Segment Start: Material supplied

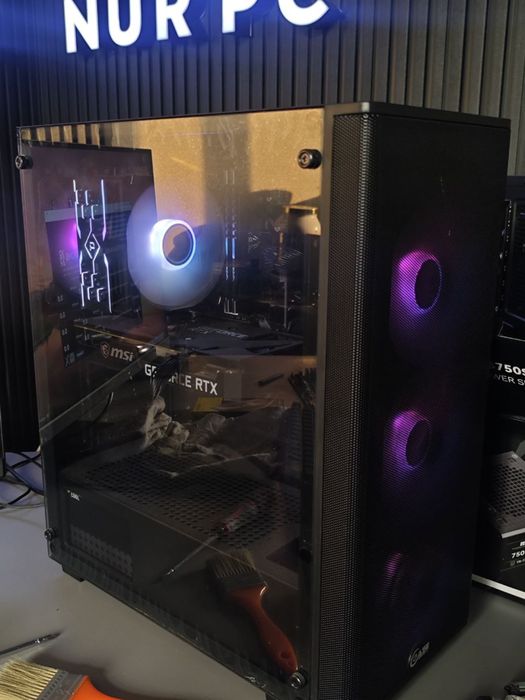 Игровой компьютер: i5-12400F | AORUS RX 580 8GB | DDR4 16GB | 512GB M2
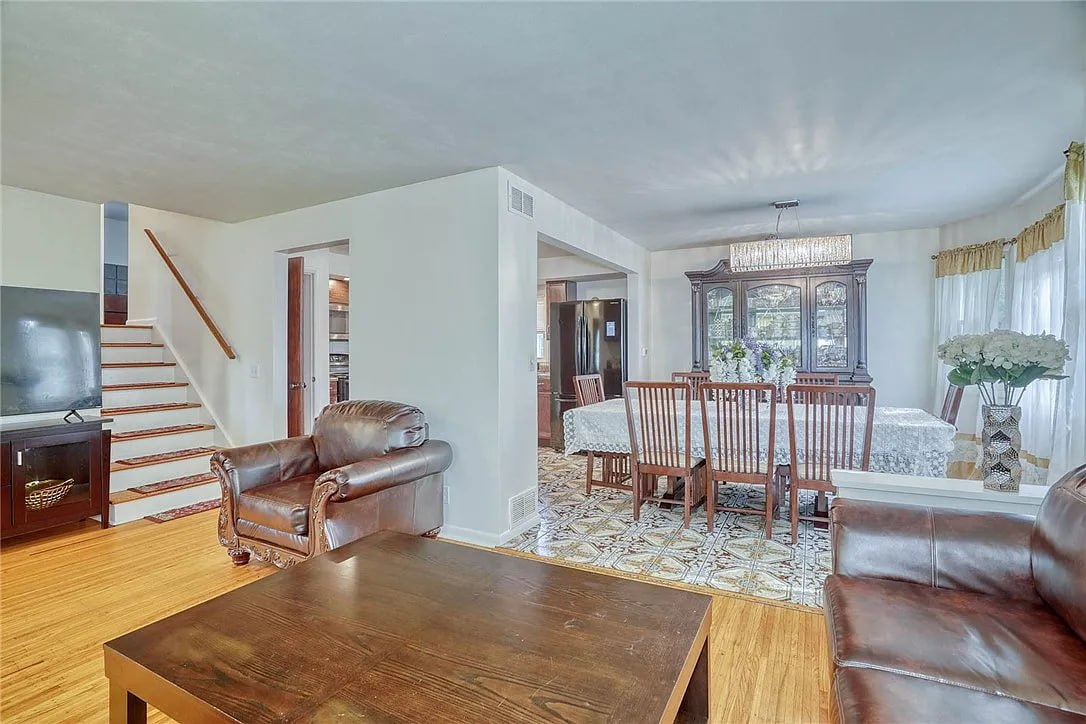 Rochester Rest & Nest , Perfect for Travel Nurses  1-Minute to RGH  Private TV Room  High-Speed Wi-F - Photo 9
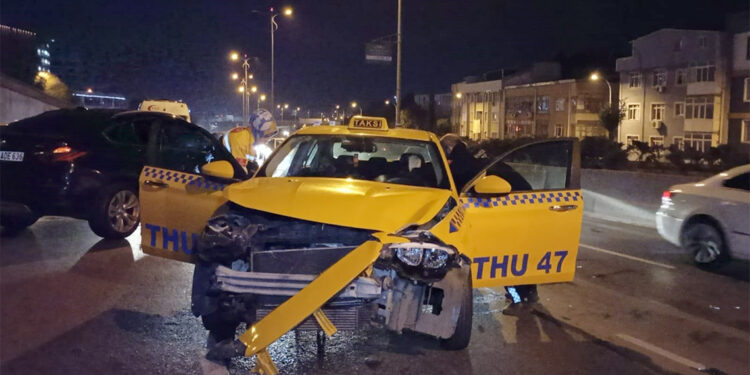 Bayrampaşa TEM bağlantı yolunda kaza; 4 yaralı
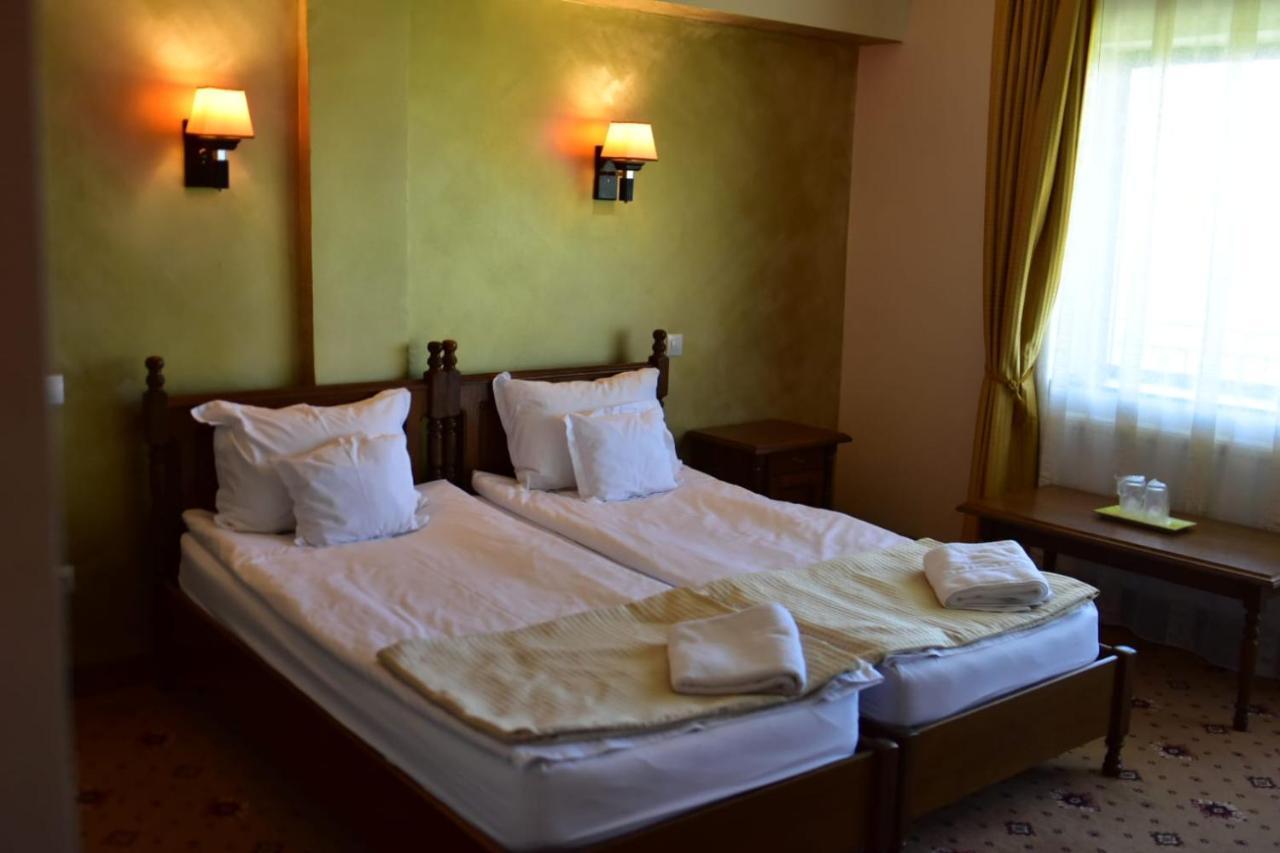 Bellavista Brasov Hotel Sacele Exterior photo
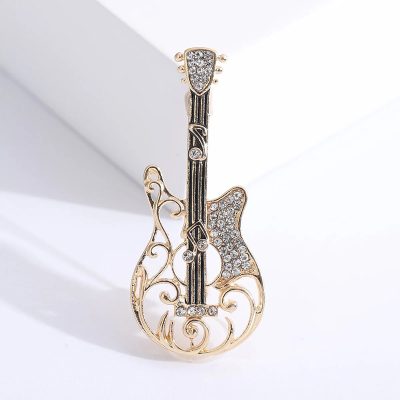 Elektrische Gitarrenbrosche im Hohl-Design mit Musiknoten-Motiv und Strass in Goldfarbe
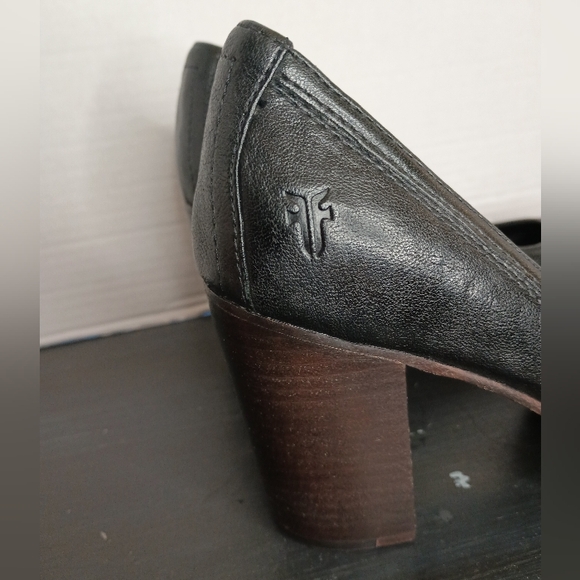Frye Womens Carson Pump Block Heels Size 8 Black Wood Leather Academia - Picture 4 of 11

Segment End: Material supplied

Each record is to be written out exactly. No picture goes in.

 Игровой компьютер: i5-12400F | AORUS RX 580 8GB | DDR4 16GB | 512GB M2
 Rochester Rest & Nest , Perfect for Travel Nurses  1-Minute to RGH  Private TV Room  High-Speed Wi-F - Photo 9
 Bayrampaşa TEM bağlantı yolunda kaza; 4 yaralı
 Bellavista Brasov Hotel Sacele Exterior photo
 Elektrische Gitarrenbrosche im Hohl-Design mit Musiknoten-Motiv und Strass in Goldfarbe
Frye Womens Carson Pump Block Heels Size 8 Black Wood Leather Academia - Picture 4 of 11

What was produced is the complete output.